Watch: Sam Worthington & Chloe Moretz In Moody Italian Trailer For ‘Texas Killing Fields’


The most surprising pick in the line-up of the Venice Film Festival was undoubtedly “Texas Killing Fields.” The latest attempt from “Avatar” star Sam Worthington to return to non-tentpole territory, following the tepidly received “Last Night” and the long-delayed “The Debt,” is a based-in-fact thriller revolving around a series of unsolved murders in League City, Texas, where 21 women were killed or disappeared since 1971, and marks the big-screen coming out party of Ami Canaan Mann, daughter of “Heat” director Michael Mann, who makes her directorial debut with the film.

Word had been fairly quiet on the project, other than the news that horror specialists Anchor Bay had picked up the distribution rights, so we hadn’t been expecting much, but the film’s in-competition placement piqued our interest, and now Dread Central has dug up an Italian trailer that provides our first real look.
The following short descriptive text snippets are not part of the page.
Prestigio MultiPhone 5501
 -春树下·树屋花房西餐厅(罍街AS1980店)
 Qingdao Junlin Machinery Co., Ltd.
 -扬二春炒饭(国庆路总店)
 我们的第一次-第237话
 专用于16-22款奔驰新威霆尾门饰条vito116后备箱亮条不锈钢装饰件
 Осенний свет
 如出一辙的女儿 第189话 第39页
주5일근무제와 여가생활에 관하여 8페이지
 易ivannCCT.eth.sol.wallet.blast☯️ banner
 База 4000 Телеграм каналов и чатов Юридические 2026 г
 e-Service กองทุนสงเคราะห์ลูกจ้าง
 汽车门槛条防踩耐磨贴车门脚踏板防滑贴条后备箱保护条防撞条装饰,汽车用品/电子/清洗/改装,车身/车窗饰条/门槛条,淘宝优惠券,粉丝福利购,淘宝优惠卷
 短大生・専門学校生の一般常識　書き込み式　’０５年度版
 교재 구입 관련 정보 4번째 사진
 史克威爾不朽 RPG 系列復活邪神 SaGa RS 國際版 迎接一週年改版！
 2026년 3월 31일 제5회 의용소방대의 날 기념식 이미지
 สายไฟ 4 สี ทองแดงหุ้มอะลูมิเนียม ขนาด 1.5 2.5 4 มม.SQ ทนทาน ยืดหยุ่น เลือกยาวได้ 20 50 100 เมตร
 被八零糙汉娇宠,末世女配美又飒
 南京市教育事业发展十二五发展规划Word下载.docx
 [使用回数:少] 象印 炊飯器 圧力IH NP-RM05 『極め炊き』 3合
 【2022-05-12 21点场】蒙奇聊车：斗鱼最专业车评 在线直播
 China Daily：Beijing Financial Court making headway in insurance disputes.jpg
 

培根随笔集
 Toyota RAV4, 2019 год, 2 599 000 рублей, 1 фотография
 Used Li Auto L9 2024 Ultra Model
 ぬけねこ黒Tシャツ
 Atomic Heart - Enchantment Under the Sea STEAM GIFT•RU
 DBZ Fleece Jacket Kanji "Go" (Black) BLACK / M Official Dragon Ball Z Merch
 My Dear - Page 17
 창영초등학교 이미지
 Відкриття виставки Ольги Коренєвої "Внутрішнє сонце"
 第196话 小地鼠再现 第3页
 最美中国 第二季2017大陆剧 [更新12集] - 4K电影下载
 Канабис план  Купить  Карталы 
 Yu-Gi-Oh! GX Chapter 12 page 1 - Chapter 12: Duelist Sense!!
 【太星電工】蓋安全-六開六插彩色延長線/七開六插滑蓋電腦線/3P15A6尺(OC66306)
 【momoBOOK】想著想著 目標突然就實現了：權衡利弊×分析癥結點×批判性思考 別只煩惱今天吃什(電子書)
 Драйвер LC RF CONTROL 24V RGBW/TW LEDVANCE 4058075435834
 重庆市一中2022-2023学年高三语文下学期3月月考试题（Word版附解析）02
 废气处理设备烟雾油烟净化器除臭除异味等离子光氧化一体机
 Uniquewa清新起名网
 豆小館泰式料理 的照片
Could it be that it’ll be closer to “Zodiac” than to something like “Horsemen“?

Frankly, it’s too early to tell (particularly with the dialogue all being in Italian), but there’s some reason for optimism here: the apple doesn’t seem to have fallen far from the tree for Mann Jr, whose biggest credit to date was an episode of TV’s “Friday Night Lights,” and there’s an assured sense of period and some very atmospheric imagery. And the cast, which also includes Chloe Moretz, Stephen Graham, Jessica Chastain and Jason Clarke, seems to be promising — interestingly, Jeffrey Dean Morgan, who plays Worthington’s partner, a role mooted at one point for Bradley Cooper, gets far more face time than his co-star, and may even be the lead, despite his second billing.

At the same time, it doesn’t seem to be that different from your average episode of, say, “Criminal Minds,” so we’re still curious as to why it’s hitting the festival circuit among such prestigious competition, although a decent, frills-free serial killer procedural wouldn’t be the worst thing in the world, considering how long it’s been since one of those came along. Hopefully an English-language trailer will arrive fairly soon so we can get a better look at things, and we should be bringing you our verdict on the film when it bows at the Lido in the first week of September.